**Provided data**:
# # # # # # #
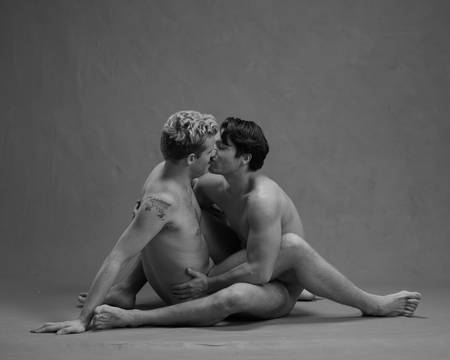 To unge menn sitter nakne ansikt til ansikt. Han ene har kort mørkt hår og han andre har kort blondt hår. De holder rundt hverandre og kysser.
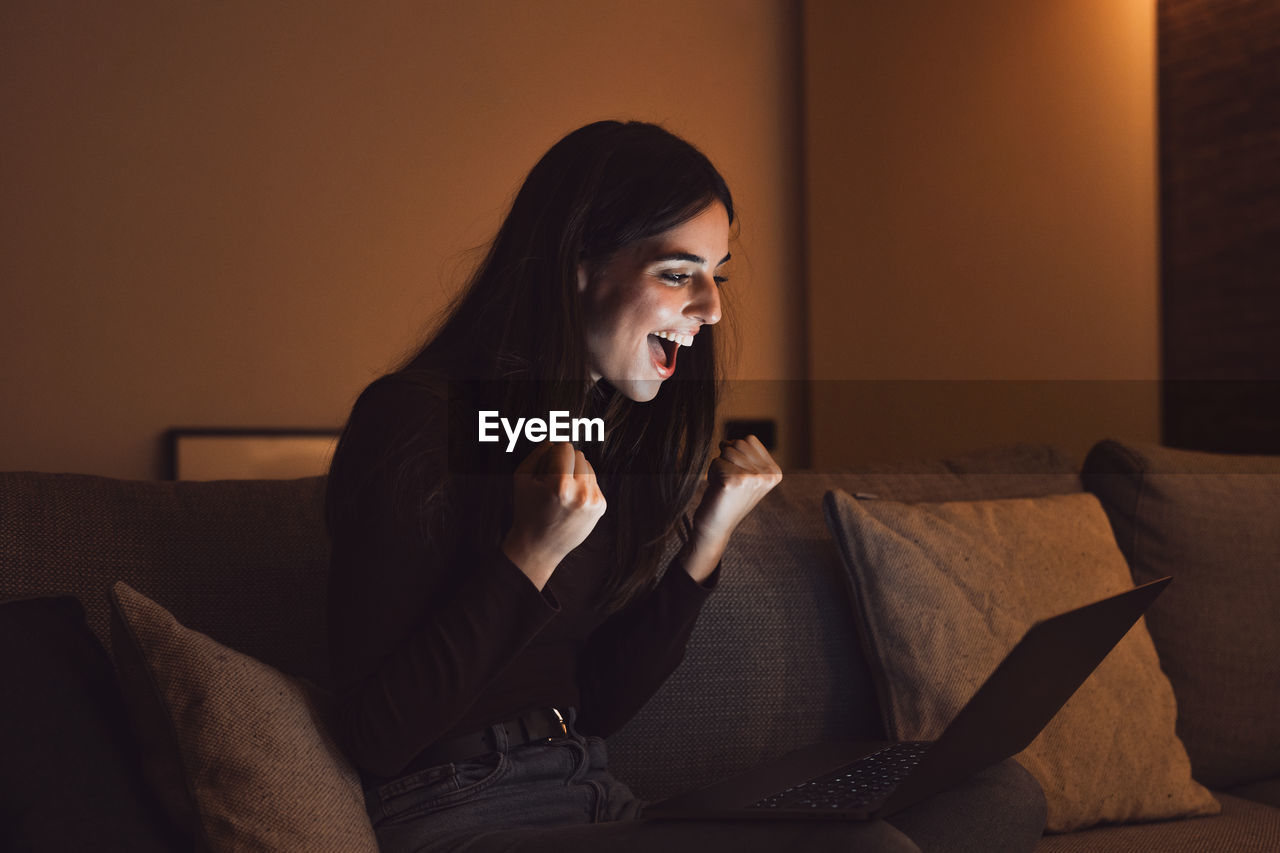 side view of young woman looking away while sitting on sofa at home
# # # # # # #
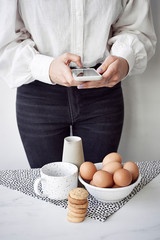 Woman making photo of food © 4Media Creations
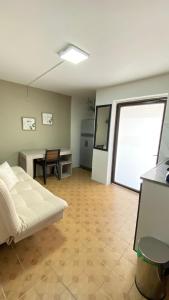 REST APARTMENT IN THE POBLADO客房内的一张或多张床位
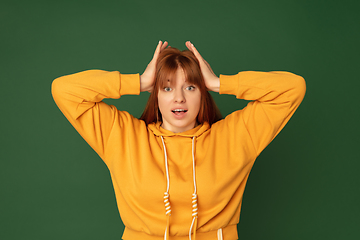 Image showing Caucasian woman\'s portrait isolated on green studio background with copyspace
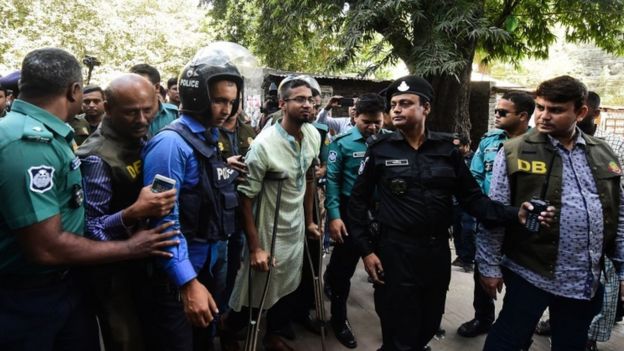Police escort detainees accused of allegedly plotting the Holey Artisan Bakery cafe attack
# # # # # # #
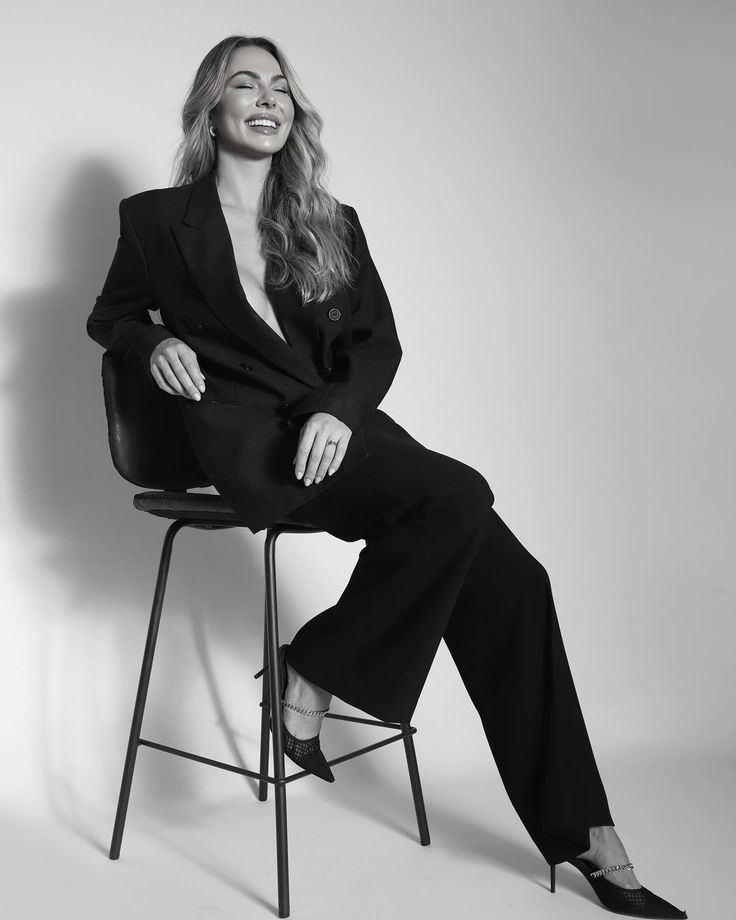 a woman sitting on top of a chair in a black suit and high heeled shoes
# # # # # # #
**Work item**:
Above are the records. Copy only the lines from the one with "To unge menn" through the one with "side view of", exactly, with no pictures.

**Response box**:
 To unge menn sitter nakne ansikt til ansikt. Han ene har kort mørkt hår og han andre har kort blondt hår. De holder rundt hverandre og kysser.
 side view of young woman looking away while sitting on sofa at home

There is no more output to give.